* [Task objective]: Copy out the listing that follows exactly, dropping every picture.

* [Recorded data]:

··········

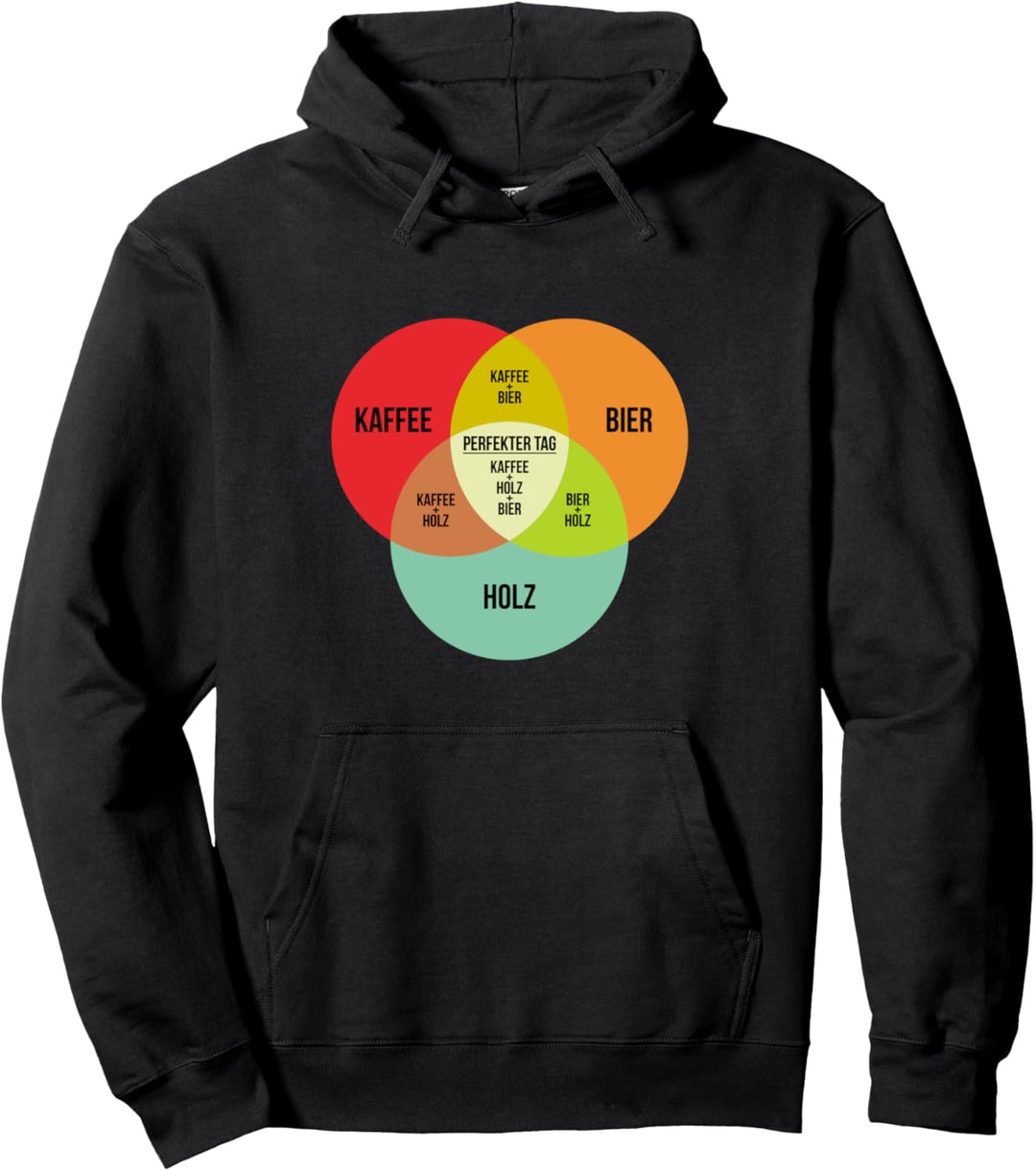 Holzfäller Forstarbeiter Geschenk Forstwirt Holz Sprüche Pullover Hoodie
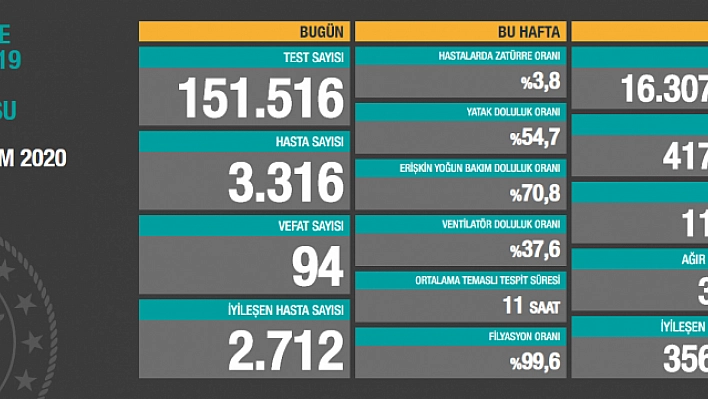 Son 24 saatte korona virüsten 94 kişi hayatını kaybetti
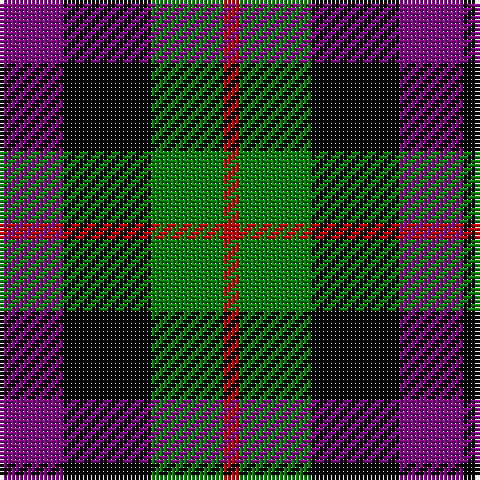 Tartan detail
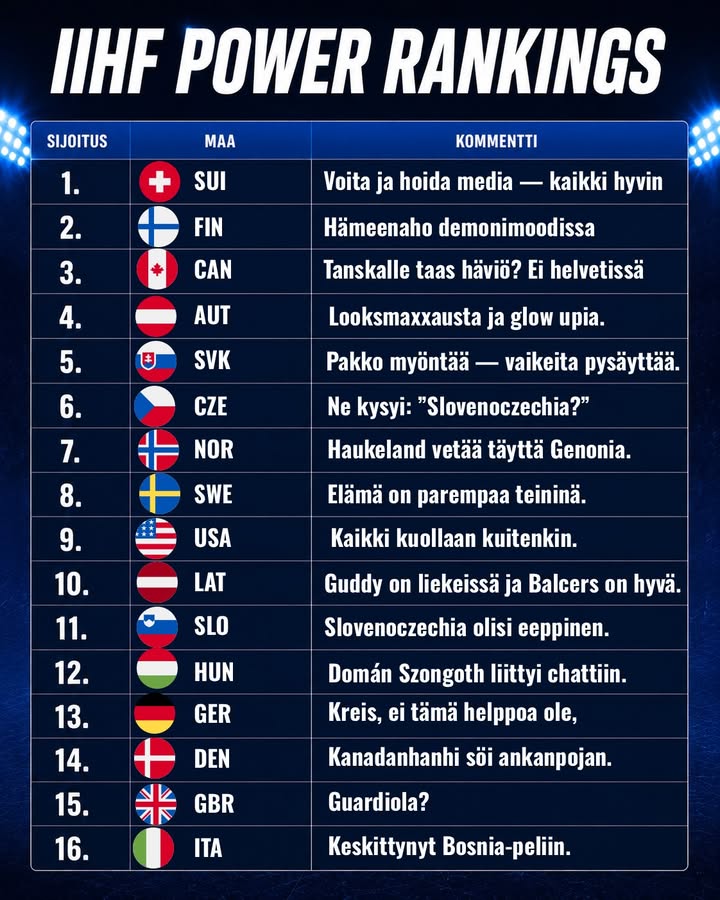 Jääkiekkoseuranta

··········

* [Written solution]:
 Holzfäller Forstarbeiter Geschenk Forstwirt Holz Sprüche Pullover Hoodie
 Son 24 saatte korona virüsten 94 kişi hayatını kaybetti
 Tartan detail
 Jääkiekkoseuranta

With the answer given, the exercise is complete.